Нет сомнения, что г. Мерзляков предпринял полезный труд, разобрав "Россияду", жаль только, что она не может стоять наряду с произведениями, обессмертившими имена своих сочинителей. Я думаю, даже немногие имели терпение прочитать ее. Отчего же ее так хвалят? Оттого, что вкус публики у нас еще не установился. Дамон прославляет "Нового Стерна"1 — десять человек, не читавших даже сей комедии, с ним соглашаются; Клит называет его сочинением глупым — и сотни готовы повторить его ругательства. Бесспорно, Сумароков был единственным стихотворцем своего времени, но кто станет ныне восхищаться его сочинениями? Между тем Сумарокова считают стихотворцем образцовым, достойным нашего подражания. Закоренелые мнения опровергать трудно: это то же, что силиться вырвать огромный дуб, в продолжении целых веков пускавший в недра земли свои корни. Конечно, сии мнения ослабеют и совершенно лишатся своего достоинства, но это требует времени. Между тем истинные дарования остаются иногда в неизвестности. Тысячи рукоплескают при представлении "Недоросля", но многие ли понимают истинные достоинства сей комедии? Многие ли знают, что она достойна стоять наряду с "Мизантропами" и "Тартюфами"? Не стыдно ли даже нам, что мы не имеем полного собрания сочинений г. Фон-Визина, сего бессмертного писателя, коим по всей справедливости мы можем гордиться.

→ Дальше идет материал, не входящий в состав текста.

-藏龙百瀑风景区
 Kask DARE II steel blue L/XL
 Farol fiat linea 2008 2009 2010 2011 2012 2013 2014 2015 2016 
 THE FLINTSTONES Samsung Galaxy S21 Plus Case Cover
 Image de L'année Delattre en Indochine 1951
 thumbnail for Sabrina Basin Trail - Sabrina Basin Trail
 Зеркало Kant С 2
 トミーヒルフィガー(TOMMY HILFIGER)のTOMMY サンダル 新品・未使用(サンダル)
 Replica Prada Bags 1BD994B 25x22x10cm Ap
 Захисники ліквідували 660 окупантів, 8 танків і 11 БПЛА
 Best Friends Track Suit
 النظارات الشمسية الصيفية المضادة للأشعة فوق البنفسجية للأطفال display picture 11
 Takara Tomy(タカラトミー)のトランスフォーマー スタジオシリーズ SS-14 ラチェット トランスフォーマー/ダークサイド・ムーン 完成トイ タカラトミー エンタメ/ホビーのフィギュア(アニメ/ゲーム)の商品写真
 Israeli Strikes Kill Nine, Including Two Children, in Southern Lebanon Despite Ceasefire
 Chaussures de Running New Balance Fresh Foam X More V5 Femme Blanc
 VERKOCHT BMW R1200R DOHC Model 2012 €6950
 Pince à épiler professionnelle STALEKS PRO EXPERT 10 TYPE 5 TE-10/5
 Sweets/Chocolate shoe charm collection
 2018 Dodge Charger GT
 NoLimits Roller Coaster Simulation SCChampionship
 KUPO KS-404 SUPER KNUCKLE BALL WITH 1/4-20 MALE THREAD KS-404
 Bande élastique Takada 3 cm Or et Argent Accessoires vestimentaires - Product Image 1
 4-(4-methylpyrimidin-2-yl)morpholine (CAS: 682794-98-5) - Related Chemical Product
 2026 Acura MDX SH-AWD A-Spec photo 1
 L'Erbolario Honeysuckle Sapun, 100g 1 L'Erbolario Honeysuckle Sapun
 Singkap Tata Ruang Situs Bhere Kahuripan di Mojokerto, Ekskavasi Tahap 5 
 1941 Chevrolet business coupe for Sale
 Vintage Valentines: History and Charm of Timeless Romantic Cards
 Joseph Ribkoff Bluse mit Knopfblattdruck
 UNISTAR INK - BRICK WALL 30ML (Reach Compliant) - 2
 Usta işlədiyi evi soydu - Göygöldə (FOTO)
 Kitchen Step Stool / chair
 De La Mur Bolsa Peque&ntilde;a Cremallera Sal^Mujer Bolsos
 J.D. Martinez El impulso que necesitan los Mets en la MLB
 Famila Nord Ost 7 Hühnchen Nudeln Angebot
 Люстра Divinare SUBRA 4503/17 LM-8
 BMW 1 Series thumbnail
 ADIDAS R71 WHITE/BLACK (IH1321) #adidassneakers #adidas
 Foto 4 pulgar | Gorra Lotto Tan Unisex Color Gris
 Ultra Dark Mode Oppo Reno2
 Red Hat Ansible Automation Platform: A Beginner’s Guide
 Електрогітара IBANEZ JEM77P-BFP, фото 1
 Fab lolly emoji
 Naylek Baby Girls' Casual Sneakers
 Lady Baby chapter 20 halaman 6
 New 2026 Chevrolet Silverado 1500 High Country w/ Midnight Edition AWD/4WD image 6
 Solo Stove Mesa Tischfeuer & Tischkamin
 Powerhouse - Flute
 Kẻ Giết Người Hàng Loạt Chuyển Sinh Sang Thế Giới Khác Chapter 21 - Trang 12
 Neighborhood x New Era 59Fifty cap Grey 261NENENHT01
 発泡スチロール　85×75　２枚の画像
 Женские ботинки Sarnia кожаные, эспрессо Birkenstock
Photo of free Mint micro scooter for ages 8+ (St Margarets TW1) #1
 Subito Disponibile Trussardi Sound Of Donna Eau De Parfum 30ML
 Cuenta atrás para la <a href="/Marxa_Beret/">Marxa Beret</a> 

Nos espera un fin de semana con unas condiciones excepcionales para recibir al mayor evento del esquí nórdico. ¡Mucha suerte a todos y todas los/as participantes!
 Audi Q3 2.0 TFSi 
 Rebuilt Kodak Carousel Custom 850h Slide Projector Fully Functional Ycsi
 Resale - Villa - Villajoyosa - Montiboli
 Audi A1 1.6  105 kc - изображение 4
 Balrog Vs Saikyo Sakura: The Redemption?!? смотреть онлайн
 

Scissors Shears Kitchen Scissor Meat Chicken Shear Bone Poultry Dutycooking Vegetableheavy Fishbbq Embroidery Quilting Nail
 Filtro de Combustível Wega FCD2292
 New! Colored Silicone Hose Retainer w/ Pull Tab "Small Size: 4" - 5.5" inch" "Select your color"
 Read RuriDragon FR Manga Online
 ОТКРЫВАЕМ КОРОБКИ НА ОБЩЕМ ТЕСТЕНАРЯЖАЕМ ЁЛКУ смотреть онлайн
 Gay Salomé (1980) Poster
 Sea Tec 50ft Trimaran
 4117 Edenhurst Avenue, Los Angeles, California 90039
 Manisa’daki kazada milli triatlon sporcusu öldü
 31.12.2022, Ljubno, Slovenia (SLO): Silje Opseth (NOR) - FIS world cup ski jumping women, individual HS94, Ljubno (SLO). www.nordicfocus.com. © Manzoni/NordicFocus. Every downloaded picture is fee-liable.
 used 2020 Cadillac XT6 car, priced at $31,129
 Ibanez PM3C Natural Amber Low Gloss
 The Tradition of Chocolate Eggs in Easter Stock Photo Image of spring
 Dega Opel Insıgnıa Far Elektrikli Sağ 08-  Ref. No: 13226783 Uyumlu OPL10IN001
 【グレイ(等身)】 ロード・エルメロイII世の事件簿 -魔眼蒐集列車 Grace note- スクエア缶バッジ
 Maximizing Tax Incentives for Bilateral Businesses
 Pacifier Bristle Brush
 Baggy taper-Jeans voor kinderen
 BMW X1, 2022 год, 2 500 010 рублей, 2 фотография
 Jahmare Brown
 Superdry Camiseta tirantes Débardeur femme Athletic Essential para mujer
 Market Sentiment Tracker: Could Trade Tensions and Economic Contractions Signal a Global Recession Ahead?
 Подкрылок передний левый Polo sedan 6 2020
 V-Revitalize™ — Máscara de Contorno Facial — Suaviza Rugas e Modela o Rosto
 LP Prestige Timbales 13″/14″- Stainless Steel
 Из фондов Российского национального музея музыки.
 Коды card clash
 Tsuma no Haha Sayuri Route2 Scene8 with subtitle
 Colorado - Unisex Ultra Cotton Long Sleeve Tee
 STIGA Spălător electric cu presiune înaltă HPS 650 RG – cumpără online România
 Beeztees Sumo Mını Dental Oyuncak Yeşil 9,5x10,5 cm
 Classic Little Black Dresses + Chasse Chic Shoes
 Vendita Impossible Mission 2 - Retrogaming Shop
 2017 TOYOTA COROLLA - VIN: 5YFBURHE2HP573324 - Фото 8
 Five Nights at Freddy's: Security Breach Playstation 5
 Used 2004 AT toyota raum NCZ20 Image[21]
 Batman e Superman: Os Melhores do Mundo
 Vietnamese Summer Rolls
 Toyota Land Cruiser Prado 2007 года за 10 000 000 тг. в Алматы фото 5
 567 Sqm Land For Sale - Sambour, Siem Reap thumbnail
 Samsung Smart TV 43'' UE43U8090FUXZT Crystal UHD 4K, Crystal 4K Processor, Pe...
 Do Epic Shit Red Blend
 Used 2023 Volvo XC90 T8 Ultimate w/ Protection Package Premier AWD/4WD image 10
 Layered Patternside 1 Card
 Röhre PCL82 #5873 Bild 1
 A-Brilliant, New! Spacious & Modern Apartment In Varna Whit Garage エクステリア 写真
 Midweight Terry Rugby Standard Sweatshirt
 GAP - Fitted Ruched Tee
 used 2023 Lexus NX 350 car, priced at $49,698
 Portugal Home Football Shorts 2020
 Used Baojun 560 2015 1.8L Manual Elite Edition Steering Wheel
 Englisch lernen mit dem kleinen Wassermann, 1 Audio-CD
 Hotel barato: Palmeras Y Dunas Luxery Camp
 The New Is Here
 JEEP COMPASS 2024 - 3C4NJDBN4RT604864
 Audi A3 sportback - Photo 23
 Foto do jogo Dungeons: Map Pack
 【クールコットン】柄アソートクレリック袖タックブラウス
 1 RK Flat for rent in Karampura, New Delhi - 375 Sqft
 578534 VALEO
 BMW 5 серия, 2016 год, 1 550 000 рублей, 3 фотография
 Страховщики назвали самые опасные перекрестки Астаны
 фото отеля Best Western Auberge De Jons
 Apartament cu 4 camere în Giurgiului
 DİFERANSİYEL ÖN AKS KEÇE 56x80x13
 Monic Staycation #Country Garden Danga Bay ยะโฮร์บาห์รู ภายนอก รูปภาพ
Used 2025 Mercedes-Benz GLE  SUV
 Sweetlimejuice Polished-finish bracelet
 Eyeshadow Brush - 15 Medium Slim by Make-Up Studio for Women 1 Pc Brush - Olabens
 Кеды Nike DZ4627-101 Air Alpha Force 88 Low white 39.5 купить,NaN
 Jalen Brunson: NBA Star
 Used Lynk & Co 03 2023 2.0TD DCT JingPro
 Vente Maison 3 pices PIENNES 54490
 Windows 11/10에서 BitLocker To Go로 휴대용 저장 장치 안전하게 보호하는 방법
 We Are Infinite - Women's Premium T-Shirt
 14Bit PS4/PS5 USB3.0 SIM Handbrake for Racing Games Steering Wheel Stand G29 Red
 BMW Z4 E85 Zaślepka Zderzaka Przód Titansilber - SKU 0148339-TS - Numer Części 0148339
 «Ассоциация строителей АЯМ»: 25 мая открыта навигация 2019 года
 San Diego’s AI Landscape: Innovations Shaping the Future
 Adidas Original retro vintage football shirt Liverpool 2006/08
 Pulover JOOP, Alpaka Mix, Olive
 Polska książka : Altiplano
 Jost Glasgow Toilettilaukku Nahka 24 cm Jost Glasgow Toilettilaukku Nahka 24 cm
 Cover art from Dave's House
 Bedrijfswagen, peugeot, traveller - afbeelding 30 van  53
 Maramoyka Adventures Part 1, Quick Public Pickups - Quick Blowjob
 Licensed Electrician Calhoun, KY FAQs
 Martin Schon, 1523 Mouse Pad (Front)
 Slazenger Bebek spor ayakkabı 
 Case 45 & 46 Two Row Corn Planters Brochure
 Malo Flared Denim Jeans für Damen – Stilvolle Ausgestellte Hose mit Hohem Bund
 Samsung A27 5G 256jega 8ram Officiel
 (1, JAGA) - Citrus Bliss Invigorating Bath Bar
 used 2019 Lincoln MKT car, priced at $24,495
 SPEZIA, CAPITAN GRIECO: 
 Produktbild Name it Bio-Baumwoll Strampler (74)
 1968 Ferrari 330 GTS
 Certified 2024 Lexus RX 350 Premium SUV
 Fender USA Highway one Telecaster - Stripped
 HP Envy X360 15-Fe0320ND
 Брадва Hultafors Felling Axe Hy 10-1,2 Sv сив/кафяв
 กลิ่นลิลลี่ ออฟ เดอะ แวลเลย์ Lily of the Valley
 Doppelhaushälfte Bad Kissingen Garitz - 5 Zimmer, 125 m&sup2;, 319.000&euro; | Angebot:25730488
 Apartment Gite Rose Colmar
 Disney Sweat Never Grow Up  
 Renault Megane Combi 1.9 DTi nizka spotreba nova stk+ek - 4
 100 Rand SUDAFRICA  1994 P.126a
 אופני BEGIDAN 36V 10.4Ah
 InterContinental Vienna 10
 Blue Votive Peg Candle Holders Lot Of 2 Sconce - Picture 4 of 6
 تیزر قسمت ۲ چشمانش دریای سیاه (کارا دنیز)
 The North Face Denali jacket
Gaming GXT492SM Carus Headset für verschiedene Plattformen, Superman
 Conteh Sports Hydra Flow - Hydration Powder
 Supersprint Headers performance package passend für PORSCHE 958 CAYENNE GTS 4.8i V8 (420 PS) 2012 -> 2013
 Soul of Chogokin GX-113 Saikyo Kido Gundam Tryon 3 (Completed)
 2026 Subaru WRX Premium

То, что я сказал о Сумарокове, можно отнести к Хераскову и к некоторым другим стихотворцам. Они приобрели похвалы от своих современников, коих вкус был еще не образован. Сии похвалы беспрестанно повторялись, и стихотворцы приобрели великую славу. Не понимаю, как могли лучшие наши писатели удивляться "Россияде"? Вы помните, думаю, сии стихи г. Дмитриева:
Пускай от зависти сердца в зоилах ноют, Хераскову они вреда не нанесут: Владимир, Иоанн щитом его покроют — И в храм бессмертья проведут2.
Я не намерен разбирать "Россияды", предложу только некоторые замечания в отношении к главным правилам Эпической поэзии. Вы увидите, что Херасков менее всех стихотворцев наблюдал их. Поэмы его можно уподобить трагедиям Шекспира; но в сем последнем находят порывы пиитического гения, коих недостает у Хераскова.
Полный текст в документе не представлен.